KDP Yönetimi, bu koşullarda esas olarak ABD-İsrail-İngiltere üçlüsüne dayanarak ve TC, İran ve Irak arasında gidip gelerek ayakta kalmaya çalışmaktadır. Bu durum KDP’li yöneticilerde siyaset cambazlığını önemli ölçüde geliştirmiş olsa da söz konusu derinleşmenin işbirlikçilik ve teslimiyet temelinde olduğu açıktır. Özellikle DAİŞ’e karşı Reqa’da kazanılan zaferin sonuçlarını kendi hanesine yazabilmek için KDP’nin geliştirdiği 2017 referandum süreci, kendini var eden güçlerin ortak karşı çıkmasıyla mevcut KDP Yönetimi için tam bir kâbusa dönüşmüştür. Buradan da dersini iyi almış olacak ki, mevcut KDP Yönetimi ondan sonra her şeyini TC’ye bağlayan, TC’nin işgalci ve soykırımcı saldırılarına destek veren, TC’ye dayanarak yapabildiği kadar Kürdistan zenginliklerini yağmalayan bir tutum içine girmiştir.
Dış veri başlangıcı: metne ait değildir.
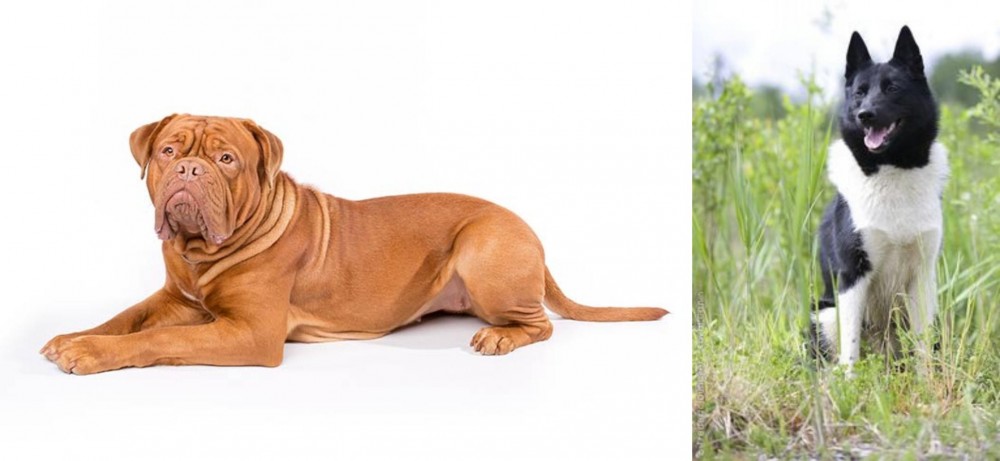 Russo-European Laika vs Dogue De Bordeaux - Breed Comparison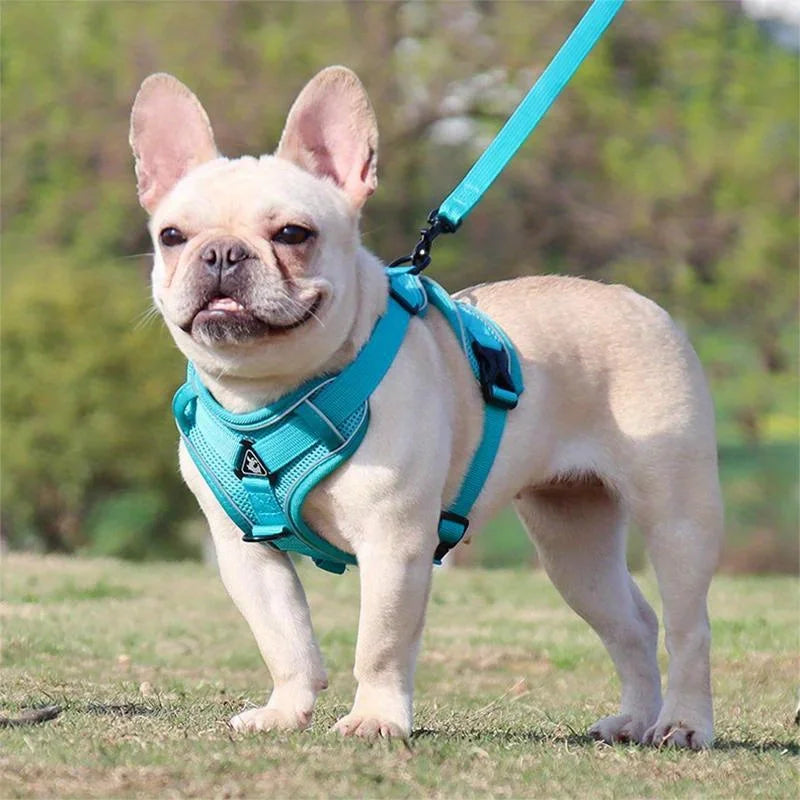 🐾 No Pull Dog Harness & Leash Set – Adjustable Reflective Vest for Small Dogs & Cats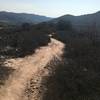 Nice singletrack going through lots of brush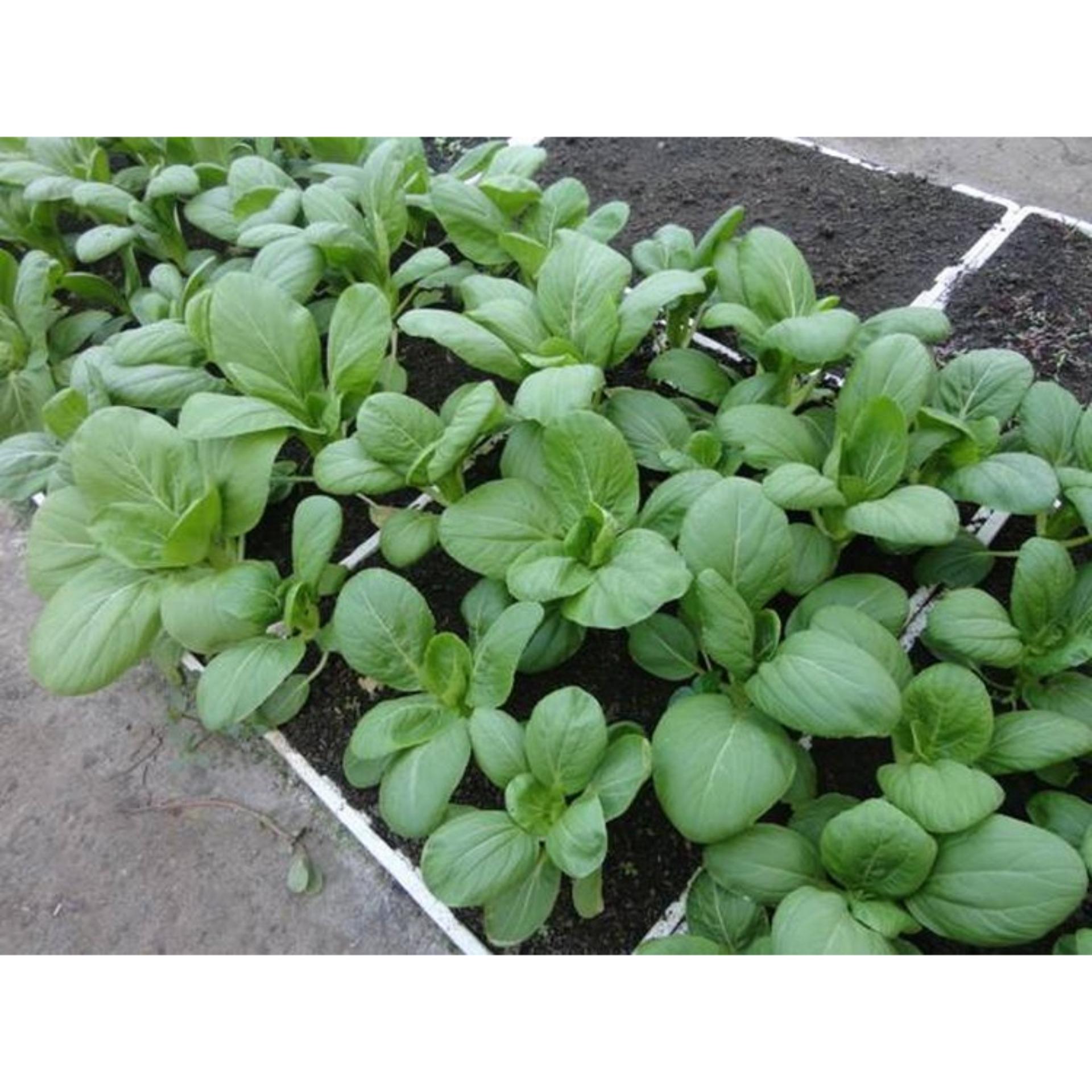 10g Hạt giống Cải thìa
Bütün bunlar, zaten çok ilkel bir meliklik olan KDP çizgisini çok daha tutucu ve işbirlikçi bir konuma getirmiştir.
Bugün Kürdistan’da yaşanan derin karşıtlığın bir tarafında işte böyle bir KDP gerçeği vardır. Diğer tarafında ise, her şeyiyle bu gerçekliğe zıt olan bir PKK duruşu ve varlığı söz konusudur. Öyle ki, bu iki güç arasındaki karşıtlık adeta tarihin en zor uzlaştırılabilecek bir olayı durumundadır. KDP çizgisi ne kadar tutucu ve işbirlikçiyse ve dolayısıyla gericiyse, PKK çizgisi de o denli özgürlükçü ve toplumcu ve dolayısıyla ilericidir. Bugün bu karşıtlık adeta herkesi etkilemekte ve bir bulmaca gibi herkesin önünde çözüm beklemektedir. Dikkat edilirse, ABD’den Kürt aydın ve sanatçılarına kadar dünyadaki herkes bu bulmacaya çözüm aramaktadır.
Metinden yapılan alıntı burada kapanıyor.